# ABS Malfunction\VAG Error Codes



## plummis (Aug 17, 2003)

Hi,
I need some advice on the following ABS error codes from a 95 Passat GLX:
VAG-COM Version: Release 303.1
Control Module Part Number: 1H0 907 379 E 
Component and/or Version: ABS/EDS TEVES 04
Software Coding: 
Work Shop Code: 
4 Faults Found:
00275 - ABS Outlet Valve: Right Rear (N135)
35-00 - -
00280 - Shareware Version. To Decode all DTCs
35-00 - Please Register/Activate
00279 - Shareware Version. To Decode all DTCs
35-00 - Please Register/Activate
00532 - Shareware Version. To Decode all DTCs
35-00 - Please Register/Activate


----------



## plummis (Aug 17, 2003)

*Re: ABS Malfunction\VAG Error Codes (plummis)*

According to my Factory Service Manual:
275 - ABS Outlet Valve,RR
279 - Differential Lock Valve 1-N125
280- Differential Lock Valve 2-N126
532- Supply Voltage B+
Has anyone seen these faults before.

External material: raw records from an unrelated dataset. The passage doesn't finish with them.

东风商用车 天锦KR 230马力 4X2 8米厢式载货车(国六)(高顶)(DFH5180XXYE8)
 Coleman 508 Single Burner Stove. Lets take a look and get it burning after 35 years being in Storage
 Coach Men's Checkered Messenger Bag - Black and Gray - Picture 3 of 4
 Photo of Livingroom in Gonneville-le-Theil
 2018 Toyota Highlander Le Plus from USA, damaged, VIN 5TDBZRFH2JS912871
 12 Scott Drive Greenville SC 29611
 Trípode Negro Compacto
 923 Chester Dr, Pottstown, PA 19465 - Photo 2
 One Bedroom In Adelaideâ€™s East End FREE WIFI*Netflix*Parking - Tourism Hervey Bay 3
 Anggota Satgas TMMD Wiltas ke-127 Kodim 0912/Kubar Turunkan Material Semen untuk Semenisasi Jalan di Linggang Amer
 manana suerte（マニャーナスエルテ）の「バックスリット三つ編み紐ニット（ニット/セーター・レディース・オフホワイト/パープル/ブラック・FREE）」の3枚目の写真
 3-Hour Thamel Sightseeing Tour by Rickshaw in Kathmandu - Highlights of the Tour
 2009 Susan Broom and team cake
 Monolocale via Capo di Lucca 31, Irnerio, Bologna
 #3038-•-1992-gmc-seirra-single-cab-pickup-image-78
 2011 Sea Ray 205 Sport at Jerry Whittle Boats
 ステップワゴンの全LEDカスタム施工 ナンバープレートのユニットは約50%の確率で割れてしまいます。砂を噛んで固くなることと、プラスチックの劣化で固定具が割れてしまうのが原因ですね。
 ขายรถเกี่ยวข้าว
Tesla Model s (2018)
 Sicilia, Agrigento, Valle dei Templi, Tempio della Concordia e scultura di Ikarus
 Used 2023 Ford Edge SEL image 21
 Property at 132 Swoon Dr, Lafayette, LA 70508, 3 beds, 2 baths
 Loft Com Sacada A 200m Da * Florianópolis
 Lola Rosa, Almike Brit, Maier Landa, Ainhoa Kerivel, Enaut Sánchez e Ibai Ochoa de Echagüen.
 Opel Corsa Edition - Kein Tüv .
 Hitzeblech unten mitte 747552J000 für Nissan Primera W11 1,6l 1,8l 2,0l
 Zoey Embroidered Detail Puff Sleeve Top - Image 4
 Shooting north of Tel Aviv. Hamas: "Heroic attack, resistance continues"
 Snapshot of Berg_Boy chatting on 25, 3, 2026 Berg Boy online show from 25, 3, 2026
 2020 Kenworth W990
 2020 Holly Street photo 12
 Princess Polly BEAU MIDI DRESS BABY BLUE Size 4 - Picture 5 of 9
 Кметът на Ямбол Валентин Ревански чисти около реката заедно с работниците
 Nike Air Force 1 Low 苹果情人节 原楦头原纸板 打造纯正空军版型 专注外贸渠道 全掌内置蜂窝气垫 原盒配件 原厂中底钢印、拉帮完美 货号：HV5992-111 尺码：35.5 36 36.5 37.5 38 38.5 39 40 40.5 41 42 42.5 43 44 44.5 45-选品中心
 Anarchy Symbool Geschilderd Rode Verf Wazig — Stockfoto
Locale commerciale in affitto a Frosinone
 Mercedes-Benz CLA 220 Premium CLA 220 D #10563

And if so, do you have a solution?


----------



## plummis (Aug 17, 2003)

*Re: ABS Malfunction\VAG Error Codes (plummis)*

Here's a little more information that might help pin point the exact component failure:
The ABS light is intermittent and usally comes on at a stop and at that exact moment the ABS light comes on, I feel pulse/displacement in the foot brake.


----------



## plummis (Aug 17, 2003)

*Re: ABS Malfunction\VAG Error Codes (plummis)*

The front left brake squeals when I make a right turn and the ABS light is on.


----------



## plummis (Aug 17, 2003)

*Re: ABS Malfunction\VAG Error Codes (plummis)*

Has anyone experienced this problem?


----------



## i dont play (Jul 14, 2003)

*Re: ABS Malfunction\VAG Error Codes (plummis)*

**** abs, mine light comes on with my ebrake light randomly when i easy into first at stoplight


----------



## paco36 (Oct 12, 2003)

*Re: ABS Malfunction\VAG Error Codes (plummis)*

My 95 Passat GLX is having ABS brake problems too. The light comes on randomly. Not sure of the error codes. My VW dealer says that there is nothing wrong and they can't find why the light is coming on... Don't know what's up with it.


----------



## i dont play (Jul 14, 2003)

mine was just worn wiring on the sensor near the brakes by the wheels...
just check those.. eff the dealership...


----------